== INFORMATION PROVIDED ==

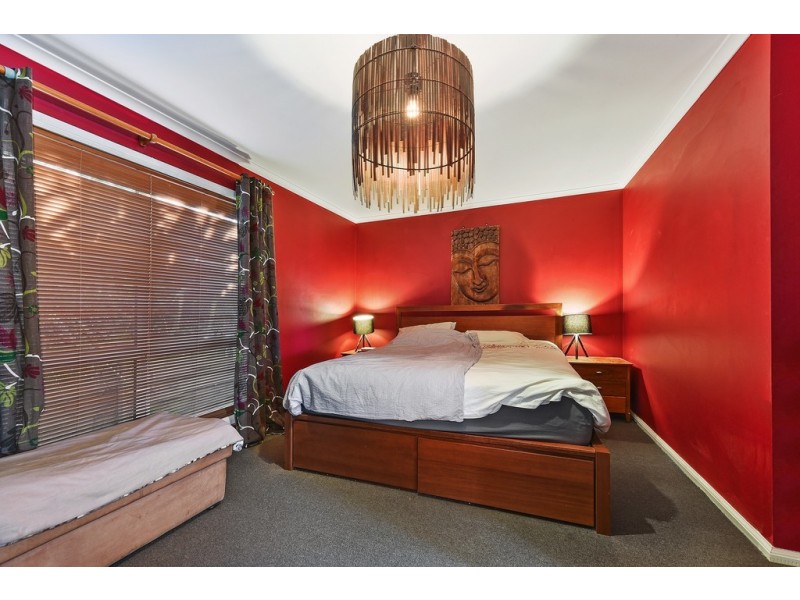 40 Crandon Crescent, Newnham TAS 7248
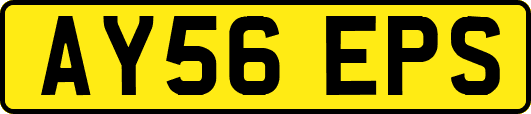 AY56EPS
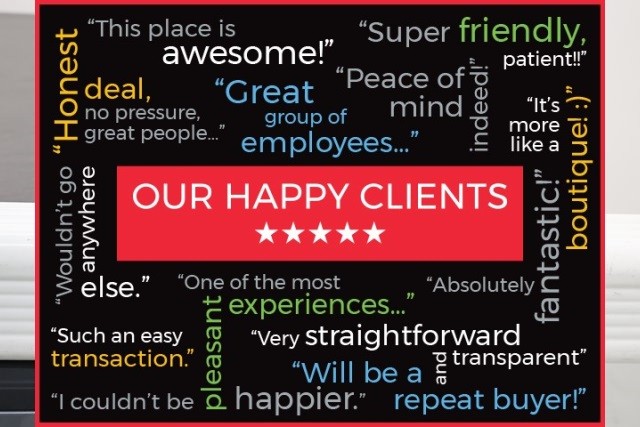 Ford F-150 Vehicle Image 39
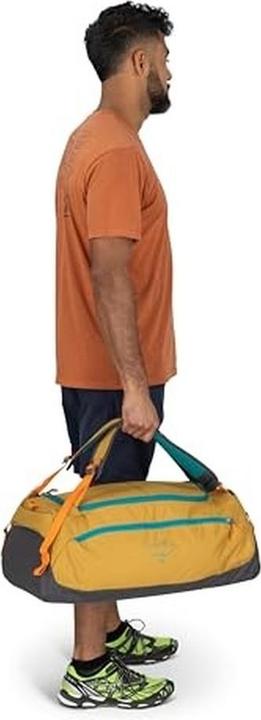 Produktbild Osprey Daylite Duffel 45 Reisetasche 53 cm (45 l)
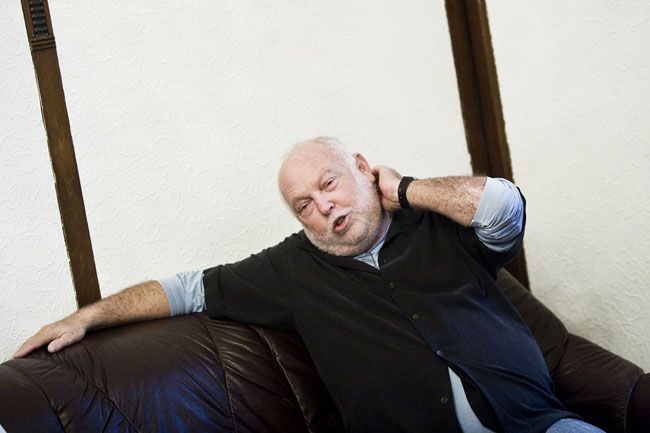 andy vajna (andy vajna, )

===

● **EXERCISE PROMPT**: Write out the data exactly, and exclude every picture it holds.

● **TASK RESPONSE**:
 40 Crandon Crescent, Newnham TAS 7248
 AY56EPS
 Ford F-150 Vehicle Image 39
 Produktbild Osprey Daylite Duffel 45 Reisetasche 53 cm (45 l)
 andy vajna (andy vajna, )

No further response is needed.